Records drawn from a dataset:

※ ※ ※

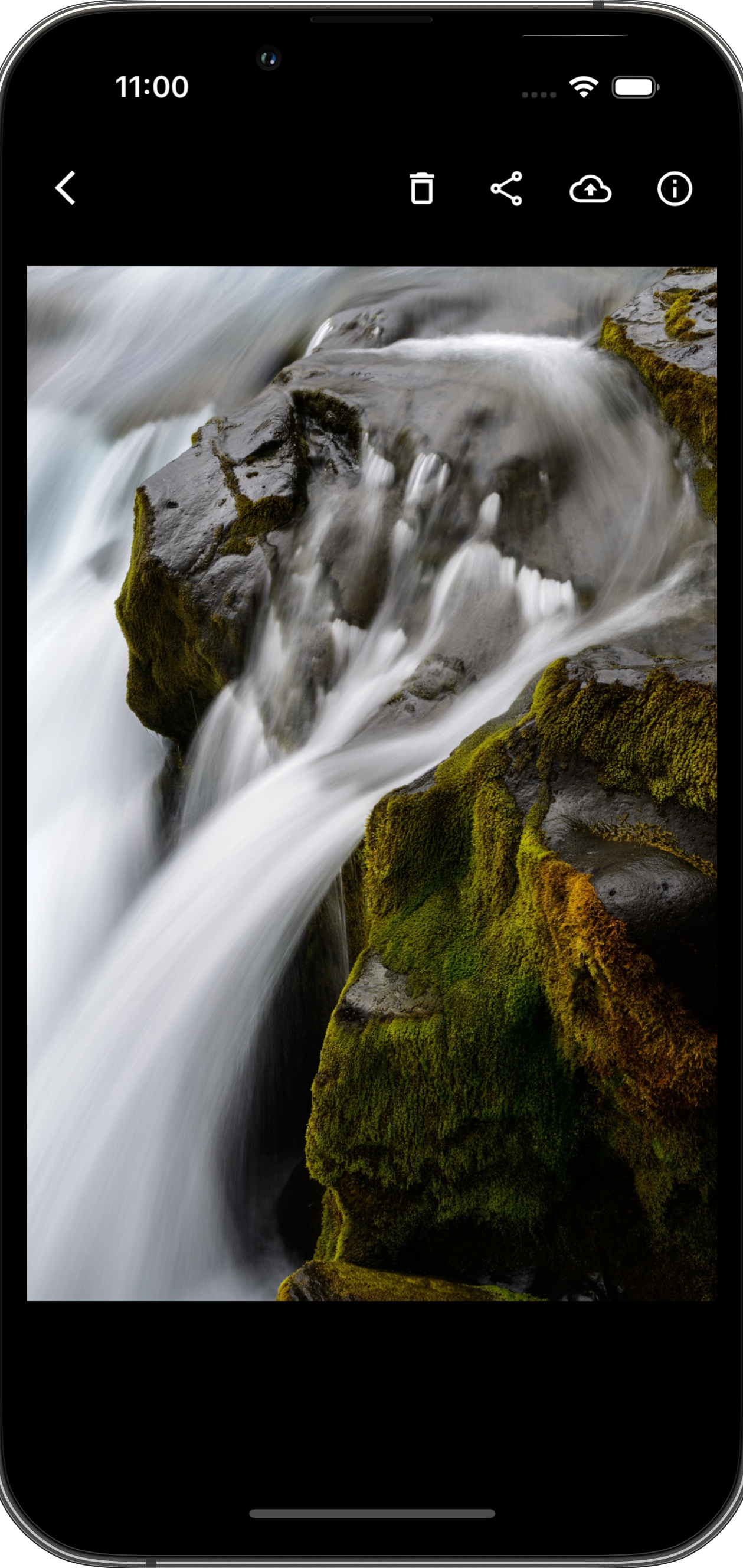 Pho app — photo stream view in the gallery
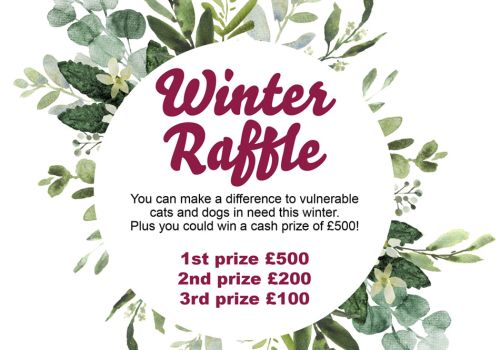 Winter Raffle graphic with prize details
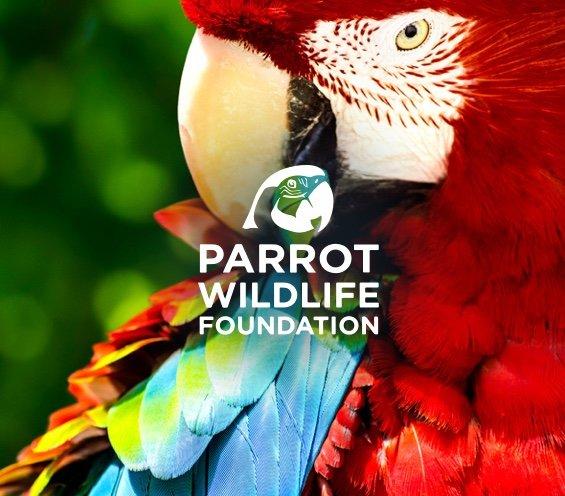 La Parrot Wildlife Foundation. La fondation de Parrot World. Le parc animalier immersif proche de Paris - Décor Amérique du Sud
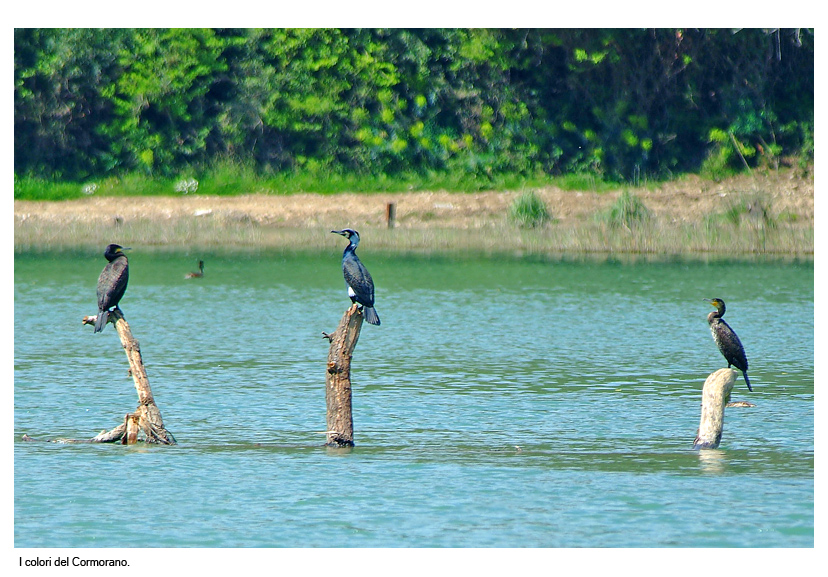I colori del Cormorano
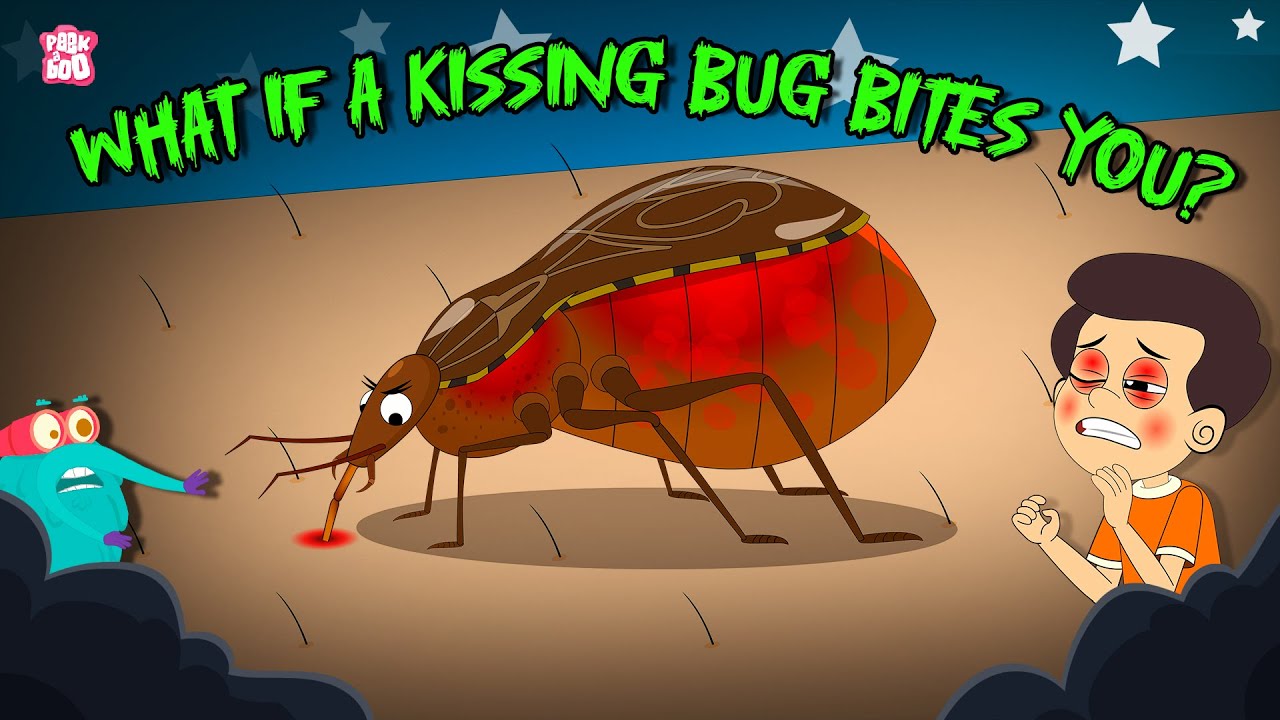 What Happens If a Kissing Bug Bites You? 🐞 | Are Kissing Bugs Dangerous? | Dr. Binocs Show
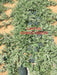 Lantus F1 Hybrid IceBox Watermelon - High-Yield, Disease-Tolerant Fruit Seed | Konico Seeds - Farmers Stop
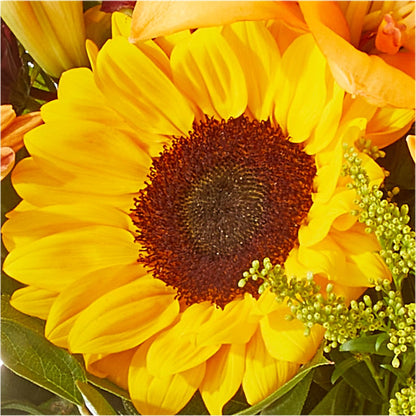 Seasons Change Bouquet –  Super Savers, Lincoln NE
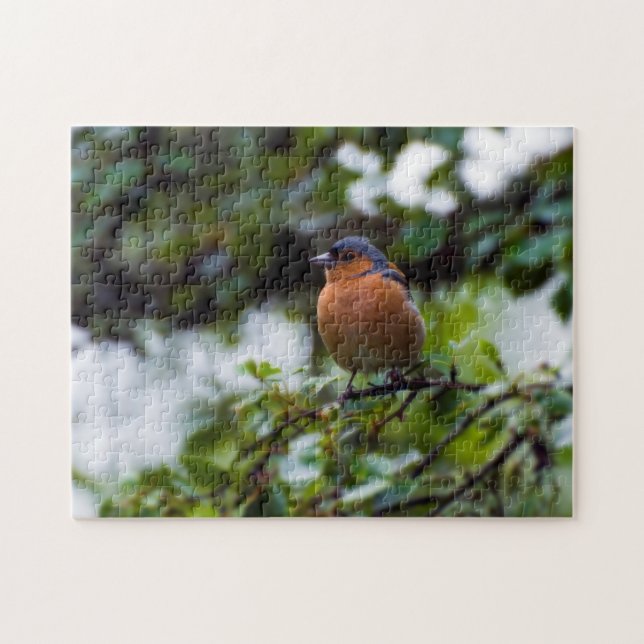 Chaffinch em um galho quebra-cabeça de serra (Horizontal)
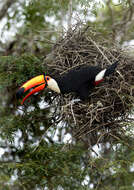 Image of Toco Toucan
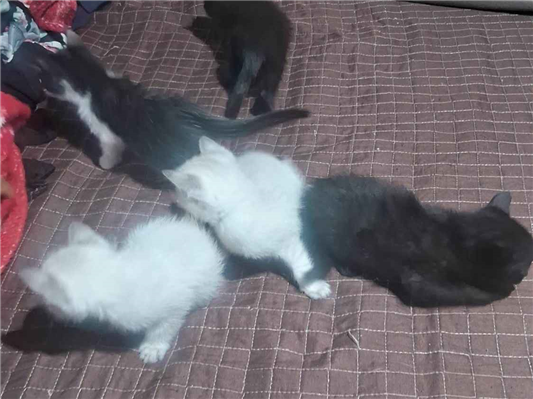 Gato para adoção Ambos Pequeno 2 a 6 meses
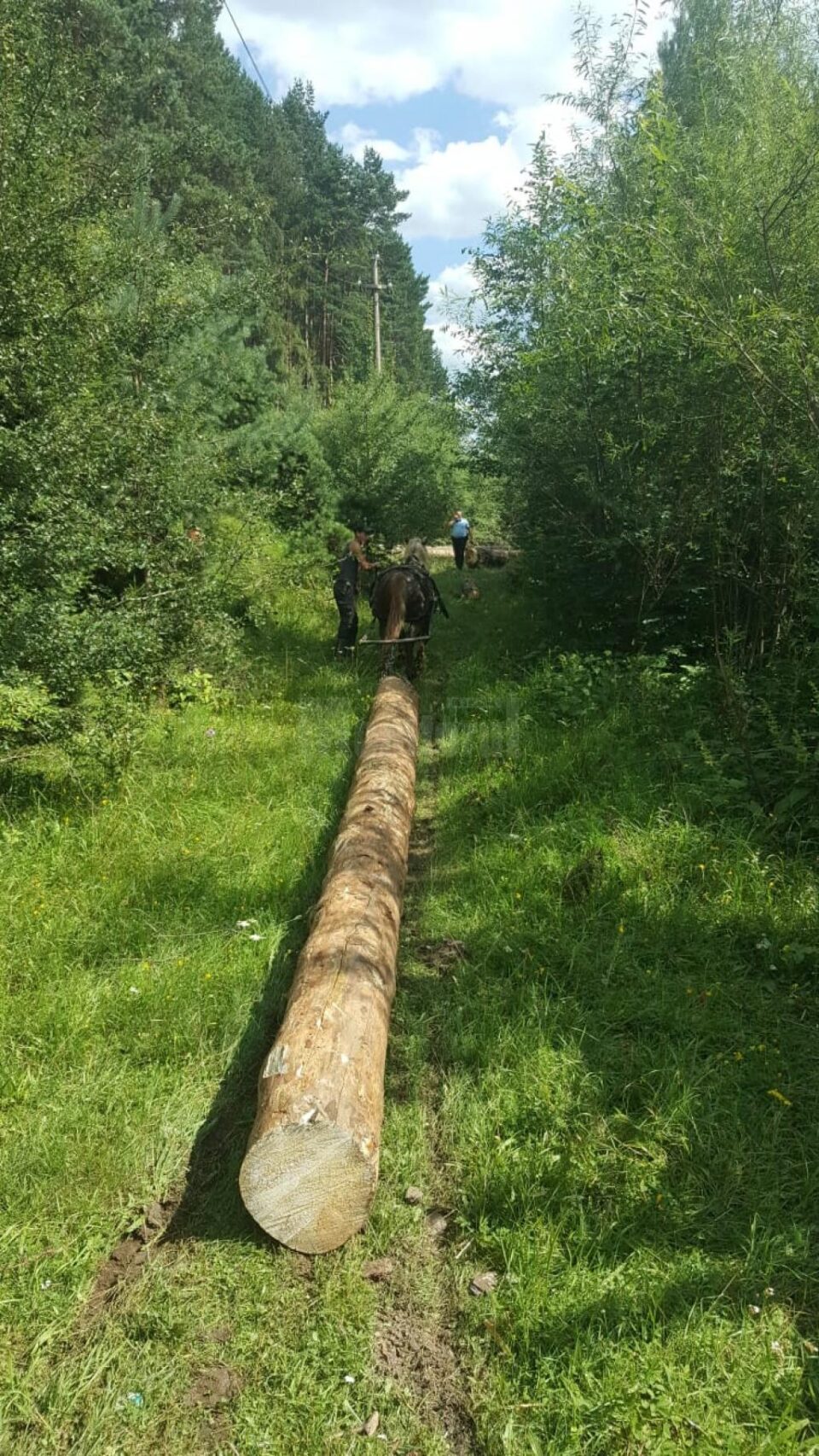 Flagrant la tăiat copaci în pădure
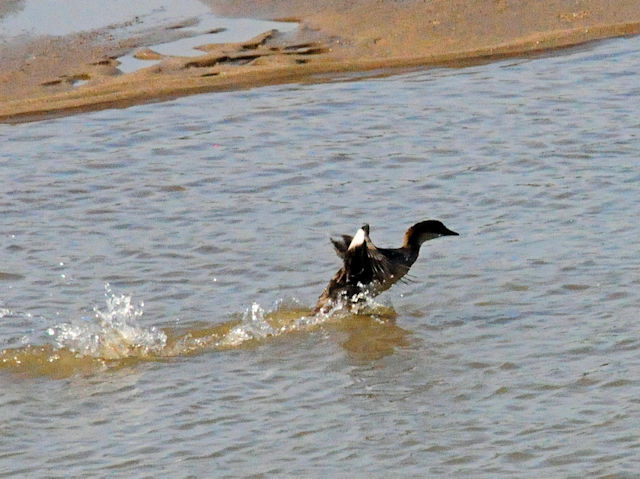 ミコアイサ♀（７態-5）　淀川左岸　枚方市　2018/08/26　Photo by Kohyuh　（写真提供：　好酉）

※ ※ ※

__What the exercise asks__
None of the pictures should be copied, but every record above must be restated in full.

__Exercise output__
 Pho app — photo stream view in the gallery
 Winter Raffle graphic with prize details
 La Parrot Wildlife Foundation. La fondation de Parrot World. Le parc animalier immersif proche de Paris - Décor Amérique du Sud
I colori del Cormorano
 What Happens If a Kissing Bug Bites You? 🐞 | Are Kissing Bugs Dangerous? | Dr. Binocs Show
 Lantus F1 Hybrid IceBox Watermelon - High-Yield, Disease-Tolerant Fruit Seed | Konico Seeds - Farmers Stop
 Seasons Change Bouquet –  Super Savers, Lincoln NE
 Chaffinch em um galho quebra-cabeça de serra (Horizontal)
 Image of Toco Toucan
 Gato para adoção Ambos Pequeno 2 a 6 meses
 Flagrant la tăiat copaci în pădure
 ミコアイサ♀（７態-5）　淀川左岸　枚方市　2018/08/26　Photo by Kohyuh　（写真提供：　好酉）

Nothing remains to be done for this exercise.